Last year rather later than most, I decided to embrace the growing commercialisation of blogging by going “pro.” I attended three blogging conferences in 4 months, I joined every blogging Facebook group I could find and I dived in to the nonsensical world of ‘like for like,’ ‘comment for comment.’ Some of it was empowering, most of it was bewildering.
The more I immersed myself in the seemingly bottomless pit of the business side of blogging, while trying to execute every piece of advice I had been given, the less time I had to live my life and create the content that had originally been interesting. My creative output dwindled and the constant and repetitive Facebook discussions about Moz updates, Tots ranks and statistics began to numb my brain.
As I delved deeper I read more about he extraordinary lengths that some bloggers go to to be “pro” and the almost endless list of weekly tasks they feel obliged to do to keep themselves high up in the rankings. I looked at my own ok statistics, the small amount of time I spent doing an average of three posts a week and I wondered what more I really wanted from blogging? Very little it turned out, so I stepped back..
It’s not that my year going “pro” didn’t prove to be successful, but rather that I was doing it because I felt I should, without any really idea of what the end goal was. I earned a little more money for a lot more hours, the opportunites got better, but they also didn’t tail off when I halved my efforts six months later.
These days I’ve stepped away slightly from the competitive business side of blogging. I follow only what I love, not what I feel obliged to follow. My Instagram list is largely photographers and not bloggers (which inspires me, but probably isn’t great tactically) and my Bloglovin account is a small but well curated list so I can actually focus on reading the content I like. There are lots of bloggers out there I admire and respect, but I can’t read it all.
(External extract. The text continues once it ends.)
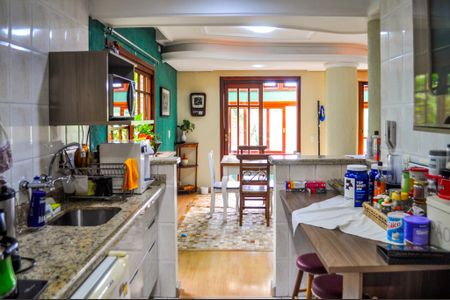 Casa de condomínio à venda com 215m², 3 quartos e 2 vagasCozinha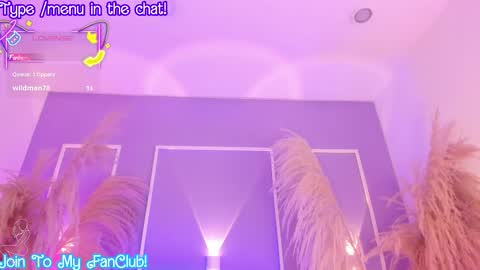 Snapshot of saraavila_ chatting on 10.18.25 SaraAvila  online show from 10.18.25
I focus on quality over quantity and only publish when I have something to say or an image to share. Almost always I write more posts than I plan every week, because instead of worrying about my DA score or struggling to fill my editorial calendar, I am sewing, taking photos or trying creative ideas which feed back into what I share with you.
So what have I learned in a decade of blogging? I’ve learned that it’s a wonderful invigorating world that stretches your skills and provides great opportunities, but that I believe you have to do it on your own terms. When you become totally immersed in anything it can be hard to breathe.